# robot detector de movimiento



## lucifer (May 9, 2006)

tengo un problema con un proyecto de la universidad y me gustaria que me dieran consejos...

el problema es el siguiente

quiero diseñar un robot tipo carro que se desplace con 2 motores dc dentro de un circulo dibujado en el piso... tiene que detectar a otro robot y empujarlo hasta sacarlo fuera del cirulo y evitar salir del circulo...

gracias...


----------



## batucka (May 11, 2006)

Ah pues esta sencillo, lo primero es que con algun sensor, una fotocelda por que no este buscando algo, ya sea ese robot u otra cosa y que cuando lo detecte vaya hacia el y no pare de andar, es decir que lo empuje todo lo que se pueda.
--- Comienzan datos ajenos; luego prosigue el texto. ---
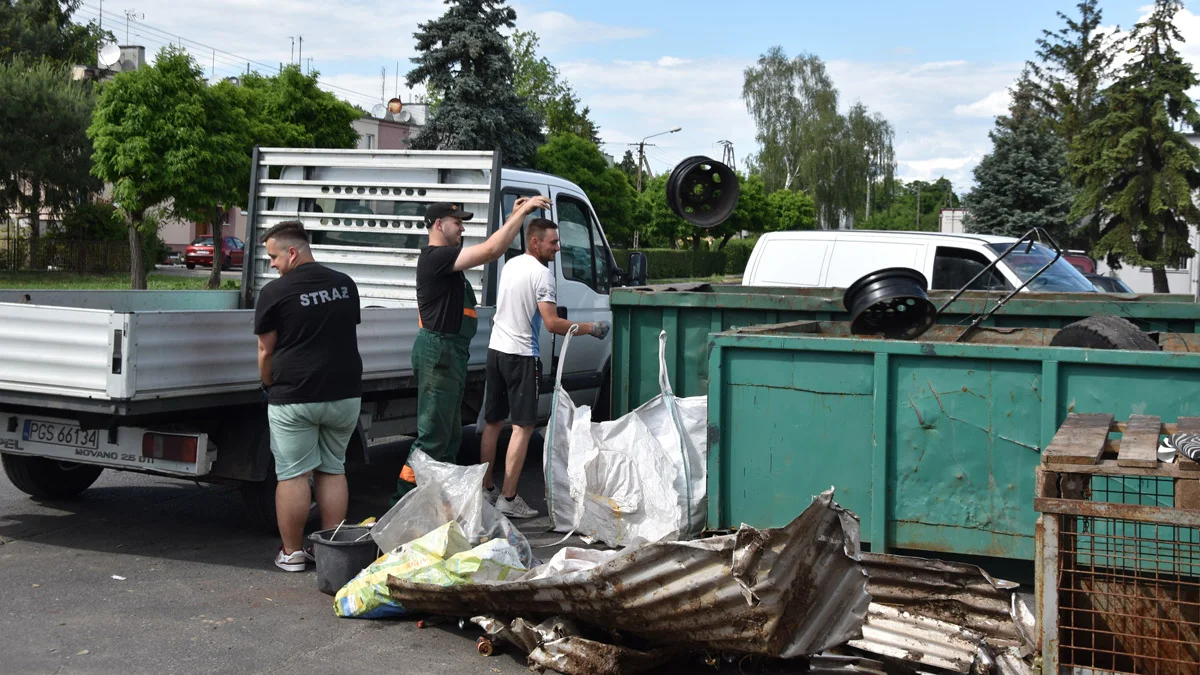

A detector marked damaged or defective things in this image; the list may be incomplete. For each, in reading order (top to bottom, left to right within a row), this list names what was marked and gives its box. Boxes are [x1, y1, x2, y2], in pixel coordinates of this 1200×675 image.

rusty container wall [614, 282, 1200, 415]
rusty container wall [705, 324, 1200, 559]
rusty corrugated sheet [388, 487, 868, 658]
Ahora para que no se salga del circulo deberas poner un par de foto diodos en la parte inferior del robot, para que estos esten sensando la linea limite del mismo circulo.

Es decir estara empujando algo hasta que vea esa linea, cuando la vea que se eche de reversa y gire 90º a la derecha.

Practicamente es eso, puedes hacerlo por separado ya que no necesitas pics para esto, ya que si quieres integrar todo en un pic pues es la programacion la que vale pero en si no es gran problema.

Tienes alguna duda mas especifica?

saludls.


----------